Researchers in the SIC effort are looking for ways to better understand, diagnose, and treat complications from immunotherapy, including irMyocarditis. “Can we predict who’s at risk? Because that could change the way we manage care and prioritize patient diagnosis and treatment,” Dr. Villani explains.  

In their study in Nature, a research team including senior authors Drs. Villani, Reynolds, and Neilan collected heart, blood, and tumor samples from immunotherapy cancer patients at Mass General. The samples of 28 patients who had developed irMyocarditis were compared with a control group of 41 unaffected patients. A team in Dr. Villani’s lab used new cutting-edge genomics technology to study each patient’s samples at the cellular level. 

“The single-cell genomics technologies that we have at Mass General allow us to isolate individual cells from tissue and blood and profile their genomic content with high resolution one cell at a time. We can then reconstruct the cellular composition of blood and tissue in patients and controls, enabling us to infer not only which cells are present, but also whether each cell exhibits normal or pathogenic features,” says Dr. Villani.

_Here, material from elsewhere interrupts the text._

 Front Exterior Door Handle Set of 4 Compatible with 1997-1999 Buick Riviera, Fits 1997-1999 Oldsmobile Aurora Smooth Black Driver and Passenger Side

The team found specific changes in the heart among the irMyocarditis patients. They also found factors in blood samples that could predict whether a patient’s irMyocarditis disease presentation would be fatal. Their research showed that the immune response in the heart was different than the immune response that targets the tumor.  

Drs. Villani, Reynolds, and Neilan with their teams are conducting further research that aims to find more targeted treatments. Ideally, patients would be able to receive treatment for their irMyocarditis while also continuing their current immune checkpoint inhibitor immunotherapy regimen. 

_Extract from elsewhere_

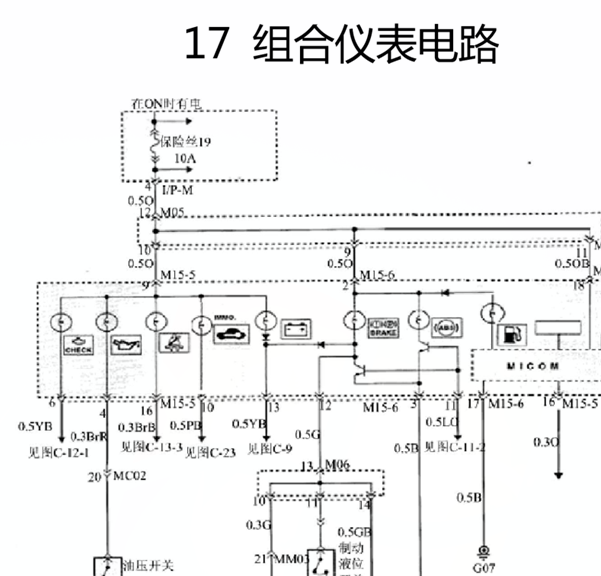 08年华泰圣达菲仪表线路图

“If there are different things that the immune system is attacking, then you might be able to treat them differently. You could allow the immunotherapy to continue to work its magic on the cancer, but actually fix the heart inflammation at the same time,” Dr. Neilan confirms.  

While further research is needed in a larger group of patients, the researchers are excited by the findings. “The results from our study give so much hope,” says Dr. Villani. “We learned so much about what key biological players are likely driving the biology of the heart inflammation associated with the use of immunotherapy, which lays the path for follow-up research. Such critical achievements were only possible because of the generosity of these patients and the amazing multidisciplinary team we have.”